First, anyone with any intelligence reads Cherniak not for substance but more in the way many watch a Nascar race; that is, secretly waiting for the inevitable car crash. And Cherniak always delivers. Whether its ridiculous gaffes, inane arguments, or malicious assaults on a person's character, Cherniak delivers. Still, it's especially fun watching him spin out during election campaigns. Sad part is, Cherniak probably believes he is "as influential as the mainstream media", when in fact, what he does share with mainstream media is that he too is purely a shill. In this case, a shill for the Liberal Party, just as are the Toronto Star and, regrettably, the CBC. Sadly, there is no critical, progressive, left mainstream media in this country and I believe Canadians suffer for it.
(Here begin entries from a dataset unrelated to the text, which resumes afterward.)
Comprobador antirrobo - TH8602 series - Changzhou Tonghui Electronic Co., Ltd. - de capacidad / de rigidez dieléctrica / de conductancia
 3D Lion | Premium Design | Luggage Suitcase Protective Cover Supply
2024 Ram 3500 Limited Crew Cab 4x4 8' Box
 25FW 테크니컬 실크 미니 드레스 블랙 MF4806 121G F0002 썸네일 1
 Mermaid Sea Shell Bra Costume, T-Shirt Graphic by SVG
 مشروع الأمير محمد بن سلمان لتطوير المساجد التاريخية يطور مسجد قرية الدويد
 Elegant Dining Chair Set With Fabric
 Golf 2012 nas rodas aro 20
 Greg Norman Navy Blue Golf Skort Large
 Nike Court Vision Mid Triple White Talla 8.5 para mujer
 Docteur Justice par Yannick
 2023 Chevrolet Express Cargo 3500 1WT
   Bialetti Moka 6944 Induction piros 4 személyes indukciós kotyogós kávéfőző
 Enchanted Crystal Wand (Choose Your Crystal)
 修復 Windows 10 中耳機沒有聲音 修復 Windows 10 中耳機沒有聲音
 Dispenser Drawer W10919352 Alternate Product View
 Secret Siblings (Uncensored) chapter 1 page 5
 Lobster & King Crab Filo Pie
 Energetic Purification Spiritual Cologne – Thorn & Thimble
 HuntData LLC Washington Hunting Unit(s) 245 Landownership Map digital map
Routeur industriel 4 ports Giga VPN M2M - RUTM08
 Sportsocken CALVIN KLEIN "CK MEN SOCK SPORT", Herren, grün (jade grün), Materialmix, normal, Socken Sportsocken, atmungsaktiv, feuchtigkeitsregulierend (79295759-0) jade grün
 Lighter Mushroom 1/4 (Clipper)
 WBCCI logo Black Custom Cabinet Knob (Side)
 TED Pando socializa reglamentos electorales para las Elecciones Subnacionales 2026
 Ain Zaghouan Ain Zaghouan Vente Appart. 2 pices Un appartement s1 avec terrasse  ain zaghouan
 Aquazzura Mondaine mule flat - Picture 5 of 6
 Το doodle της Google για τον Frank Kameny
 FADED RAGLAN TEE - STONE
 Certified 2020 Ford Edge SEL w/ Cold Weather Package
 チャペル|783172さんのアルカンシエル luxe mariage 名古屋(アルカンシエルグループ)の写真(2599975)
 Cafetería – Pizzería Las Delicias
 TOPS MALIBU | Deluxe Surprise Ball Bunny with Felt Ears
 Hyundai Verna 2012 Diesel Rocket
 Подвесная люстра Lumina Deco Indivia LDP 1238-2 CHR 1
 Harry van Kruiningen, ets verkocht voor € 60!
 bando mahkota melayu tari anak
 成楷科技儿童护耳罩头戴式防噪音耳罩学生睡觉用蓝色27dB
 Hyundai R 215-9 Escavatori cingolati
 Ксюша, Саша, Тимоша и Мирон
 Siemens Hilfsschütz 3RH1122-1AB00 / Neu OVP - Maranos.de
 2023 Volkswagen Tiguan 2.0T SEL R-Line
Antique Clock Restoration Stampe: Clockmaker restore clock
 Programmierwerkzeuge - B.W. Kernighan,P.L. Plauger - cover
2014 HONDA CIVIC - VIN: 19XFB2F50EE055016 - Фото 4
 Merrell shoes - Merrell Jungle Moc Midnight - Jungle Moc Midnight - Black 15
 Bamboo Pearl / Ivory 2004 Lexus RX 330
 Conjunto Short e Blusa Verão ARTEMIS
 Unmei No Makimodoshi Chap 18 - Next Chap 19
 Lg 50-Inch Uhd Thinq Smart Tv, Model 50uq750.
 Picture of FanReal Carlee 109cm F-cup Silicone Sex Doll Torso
Anyways, as the only Ontarian that has somehow connected with Stephane Dion (oops I forgot Gerard Kennedy, but we all know Kennedy's support for Dion was purely based on opportunism and best positioning himself for a future run at the leadership following Dion's foreseeable failure), Cherniak must be especially vested in this campaign. Otherwise, why would he do something that's new, even for the shameless Liberal that he is, and simply start making stuff up? I mean we're used to disingenuous misreading, spin, but not complete invention. From this post we read:
This morning, Jack Layton changed his entire campaign and admitted that Stéphane Dion would be the next prime minister in a coalition government. His only argument is now that it should be a coalition with the NDP.Cherniak was asked in his comments section to provide proof for this unbelievable assertion. And, of course none was forthcoming because he wished it into existence. In fact, if anyone has conceded this race it has been the Liberal Party of Canada. Note how the fear mongering has changed from we must stop the Harper Conservatives to we must stop a Harper Conservative majority. Any why are Canadians now facing an inexorable return to government by Harper's Conservatives? Because the Liberals have been too busy pursuing selfish opportunistic politics, backstabbing one another, bungling decision after decision, unable to unite and take on the Conservatives.
The Liberals were dismal as the Official opposition. In fact, they were absent as an opposition. They allowed Harper to dictate the agenda in parliament and the timing of the election. And most critically they (i.e. Gerard Kennedy) chose the absolute worst leader to position themselves to challenge the Conservatives the next time around. A meek, mild, seemingly neurotic and anxious leader, unable to rein in his caucus, who seems detached and academic, who is resoundingly despised in Quebec, who can't connect and communicate with Ontarians. Might as well have handed the victory to Harper the moment the writ was dropped. Thanks for nothing LPC. And you have the gall to ask me to reward you with my vote. The best that can come out of this now is that the NDP gain as many seats as possible so that we don't end up with a strong and active Official opposition. And, perhaps Canadians will begin to see the desperate need for electoral reform. The NDP and the Greens already have!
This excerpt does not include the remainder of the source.